# Next Free Party Fundraiser (Generator)



## Dan U (Feb 1, 2008)

http://i27.tinypic.com/2mqukr5.jpg

looks nuts!

shame i am planning on being at Levellers in Brixton


----------



## zenie (Feb 1, 2008)

That's my birthday weekend 

how the fuck are they linking Clockwork and Lakota? 

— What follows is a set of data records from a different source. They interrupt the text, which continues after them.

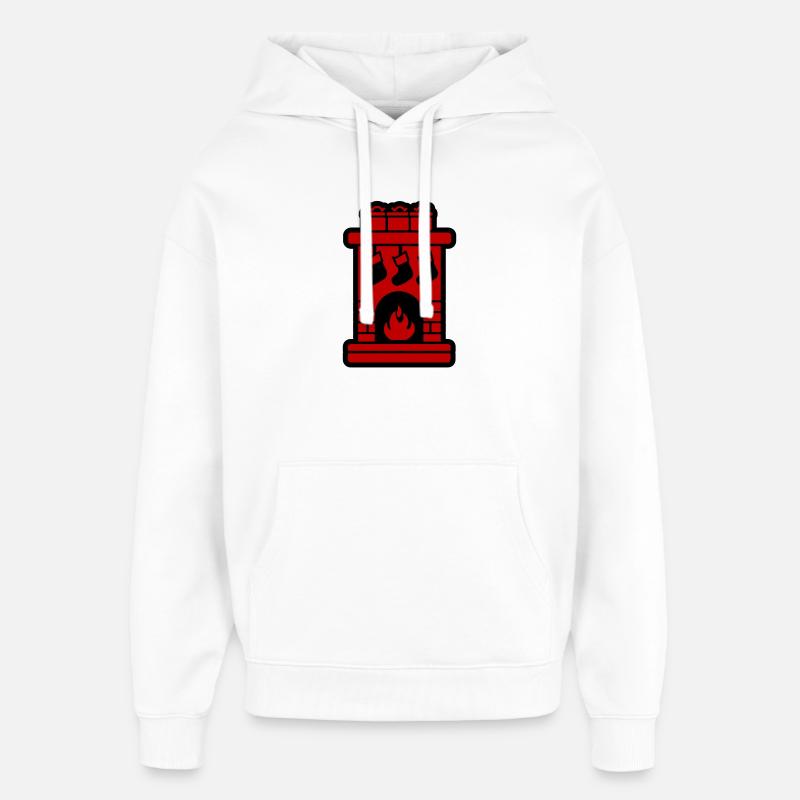 Cheminée de Noël Cheminée de Noël - Sweat à capuche unisexe Stanley/Stella Oversized - blanc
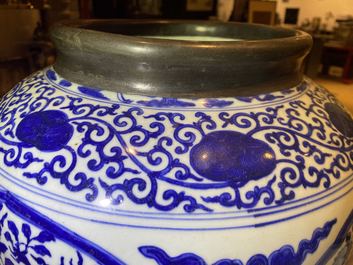 A Chinese blue and white metal-mounted 'dragon' jar, Jiajing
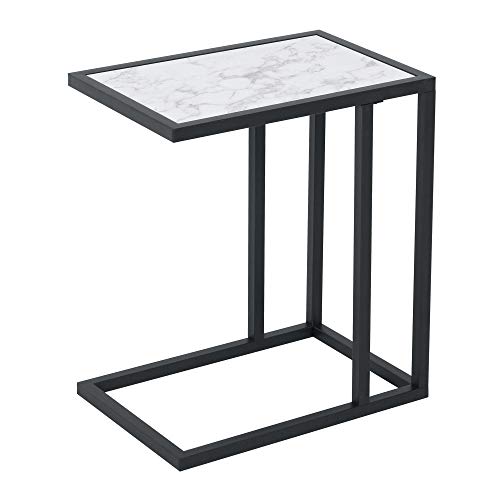 HOMCOM Mesa Lateral para Sofá Moderna Mesa Auxiliar con Superficie Imitación Mármol Estructura de Metal Ahorro de Espacio 45x30x51,5 cm Blanco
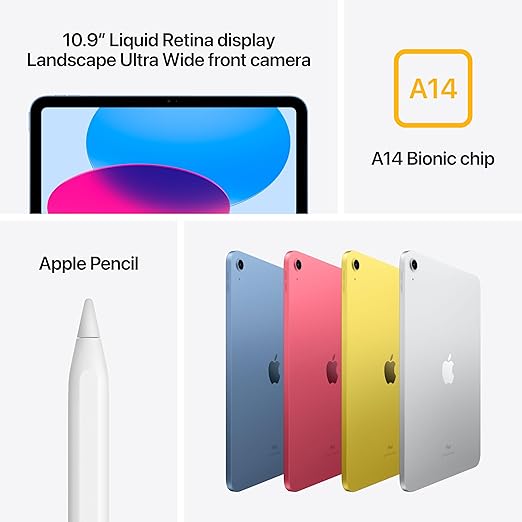 Apple iPad (10e génération) : avec puce A14 Bionic, écran  10,9 pouces, 64 Go,  – Jaune_2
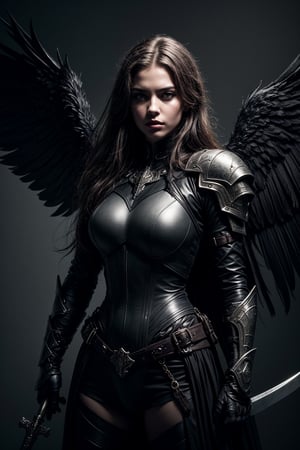 A portrait of a dark angel girl, dark Archangel in girl, light tones, dark-robed and armored with ornaments of intrincate details, with a sword, dark and gloomy image, Dramatic Light,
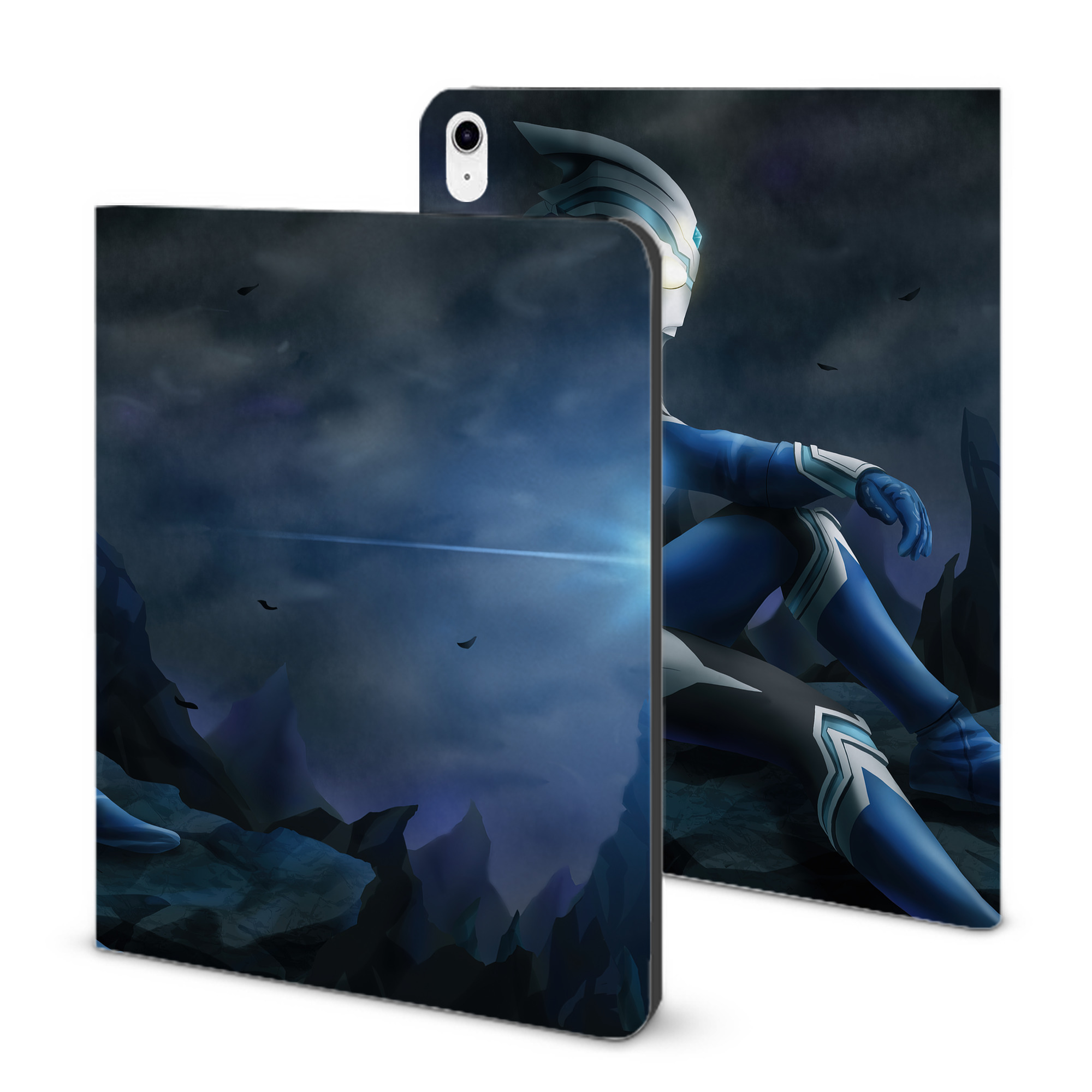 （画像用） ウルトラマン Ultraman IPad ケース ブック型 PUレザー TPU 耐衝撃 軽量 薄型 ペン収納なし 全面保護 IPad 各モデル対応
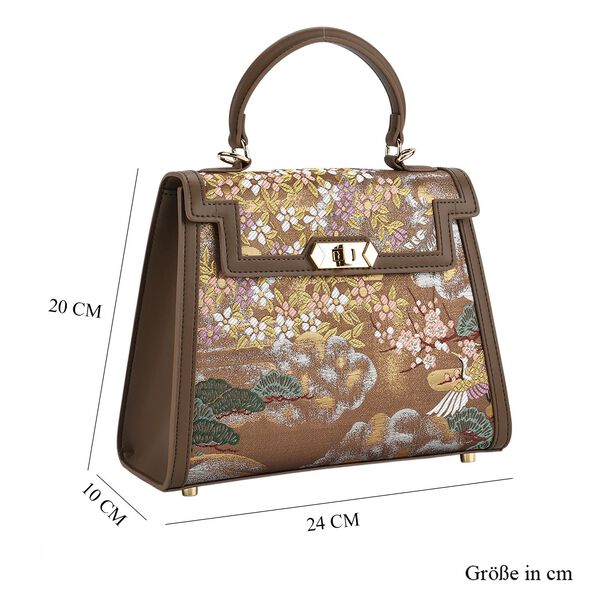 LA MAREY Crossbody Tasche aus 80% Seidenbrokat und 20% Echtleder, 24x10x20cm, Blau image number 6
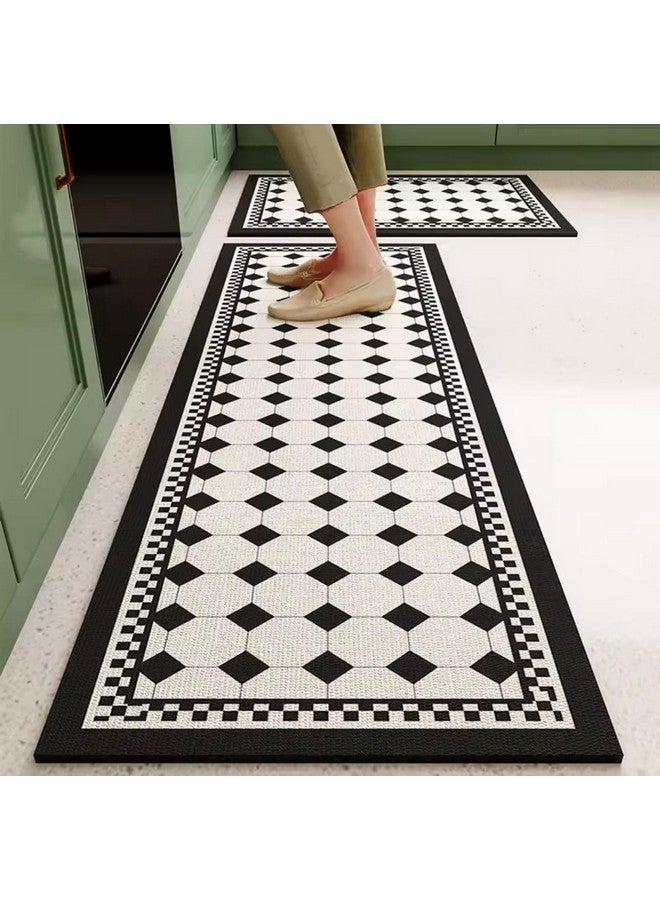 Home-Cloud حصائر مطبخ مطاطية HomeCloud للأرضية مجموعة من 2 قطعة | غير قابلة للانزلاق، سجادات ناعمة ماصة للمطبخ، وغسيل الملابس، والممرات | 118x38 سم، 38x58 سم | سمك 4 مم (أسود-أبيض مربع) - Image 1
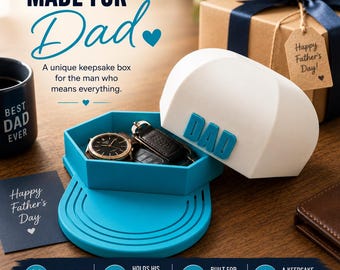 Personalized Flat Bill Cap Keepsake Box | Hidden Organizer for Dad's Essentials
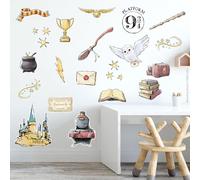 Themed - Autocollant Mural Officiel Harry Potter | Ensemble d'Icônes Aquarelle Wizarding World Art (90 x 45 cm)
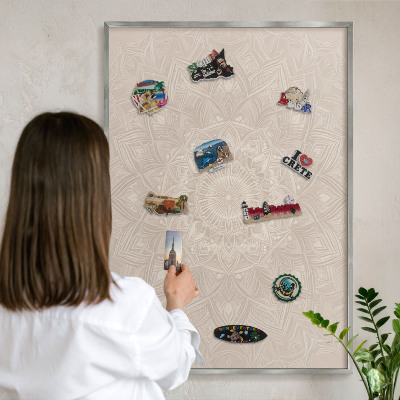 Tablă magnetică pentru colecția de magneți cadru argintiu Mandala decorativă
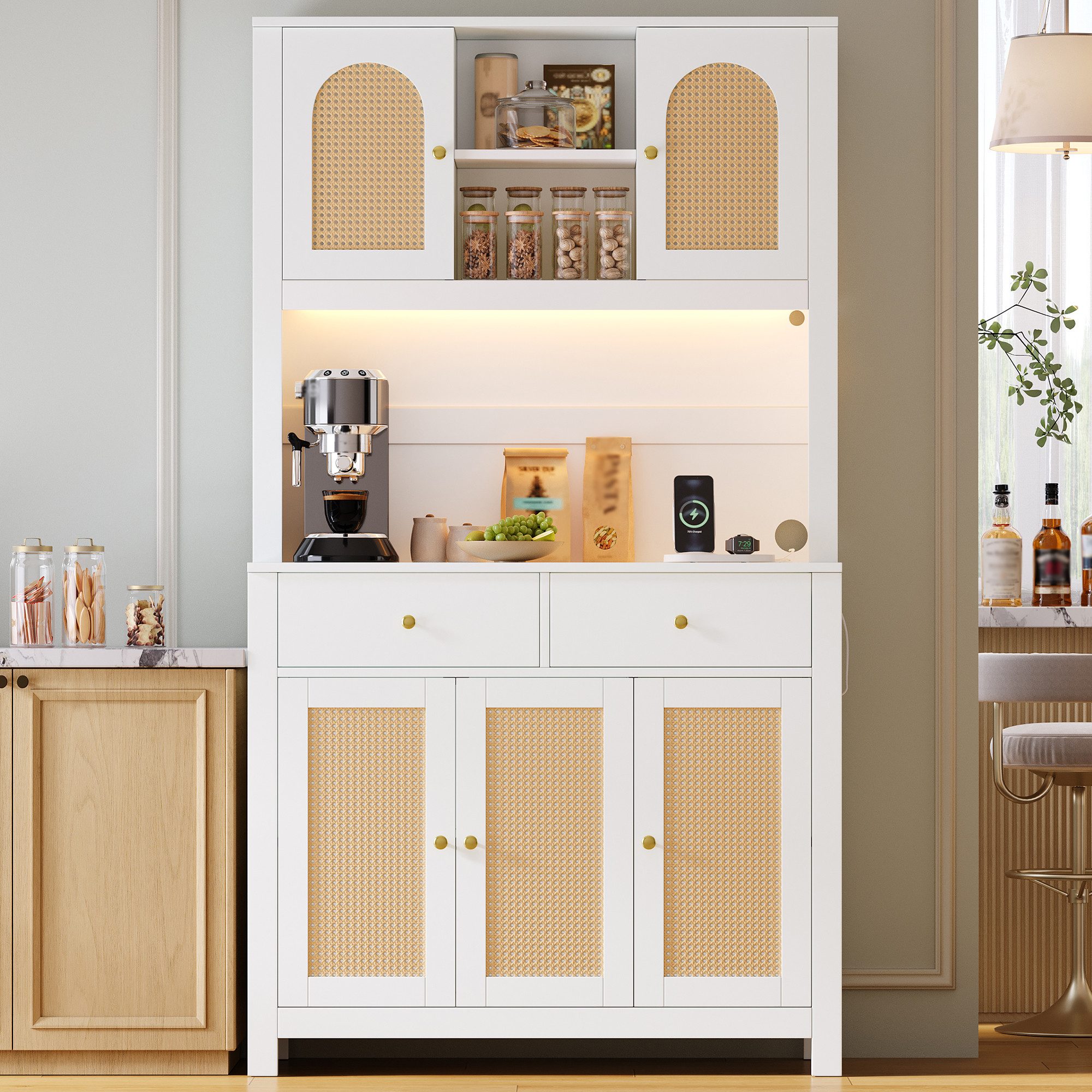 Flieks Küchenbuffet Hochschrank mit LED-Beleuchtung, Steckdosen, Rattantüren, 2 Schubladen (Ladefunktion, 1-St., B100xT40xH180 cm) Küchenschrank Mehrzweckschran – Bild 3 von 5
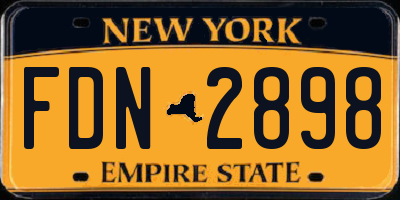 NY license plate FDN2898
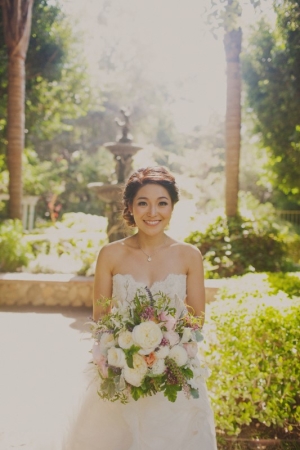 Bride with Pastel Garden Bouquet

Oh just seen you get a wristband....a bit weird that'll be.


----------



## Dan U (Feb 1, 2008)

yeah

few brizzle urbs went to the last one, thought i'd give them a heads up


----------



## softybabe (Feb 2, 2008)

disgusting


----------



## ddraig (Feb 2, 2008)

absolutely


softybabe said:


> disgusting


----------



## keybored (Feb 4, 2008)

ddraig said:


> absolutely



I agree

























Pirates vs. _Cavemen?_ It's NINJAS for fucks sake.


----------



## Yetman (Feb 13, 2008)

Bastard! Thought this was on the BH weekend 

Still...should be good


----------



## Onket (Feb 14, 2008)

I'm up for this one.


----------



## Onket (Feb 14, 2008)

Interesting link on the flyer- www.recydratethewest.net


----------



## starfishflowers (Mar 1, 2008)

Is recydratethewest on again this year?? looks ace


----------



## fizzerbird (Mar 1, 2008)

Fek me! Feking dilema!

Pirates and Cavemen are both favs of mine...they should not be in competition 

forgot to check when this is...


----------



## fizzerbird (Mar 1, 2008)

How the frig am I supposed to read that flyer??

Where's the date?


----------



## salem (Mar 1, 2008)

Just got me tickets through the post.

It's next weekend (8th March) and is looking to be fucking brilliant. Really can't wait


----------



## Geri (Mar 1, 2008)

salem said:


> It's next weekend (8th March) and is looking to be fucking brilliant. Really can't wait



I can't go, it clashes with Ladies Night at the Queens Head in Eastville.


----------



## starfishflowers (Mar 1, 2008)

hi there

me and a few mates are off there for my bday celebrations - do peeps meet up somewhere beforehand???/


----------



## Onket (Mar 3, 2008)

fizzerbird said:


> How the frig am I supposed to read that flyer??
> 
> Where's the date?



If it's small, then click on it. If it's big, then scroll around.


----------



## JTG (Mar 7, 2008)

hope all youse going have a great time

Clockwork is closing in May - being developed for yet more cunting yuppie flats. The ruination of Stokes Croft continues apace as fucking wanker developers shit on my doorstep yet again. Roll on the recession, hope they all lose heaps of money on it.

Bastards.


----------



## Onket (Mar 7, 2008)

Booked my train tickets this morning.


----------



## Yetman (Mar 7, 2008)

I'll be there


----------



## fizzerbird (Mar 9, 2008)

Did You go?I didn't see any one of you!

Blinding night!!!  

*proud mother mode*

My son played a wikkide set...bless him 


ERM...now he's in his room wiv a girl...making noises!  

*puts head phones on*


----------



## Onket (Mar 10, 2008)

Great night.


----------



## Yetman (Mar 10, 2008)

Ha! That’s about as complex my sentences are today as well mate…..


----------



## Onket (Mar 10, 2008)

It's all your fault!


----------



## Yetman (Mar 10, 2008)

I blame Spuggy


----------



## Onket (Mar 11, 2008)

He's certainly not blame free!!!


----------



## space-hopper (Mar 20, 2008)

yea it was a crackin night and good to see a few urbs there, mashed up as one would expect 
missed a few by the looks of it :/


----------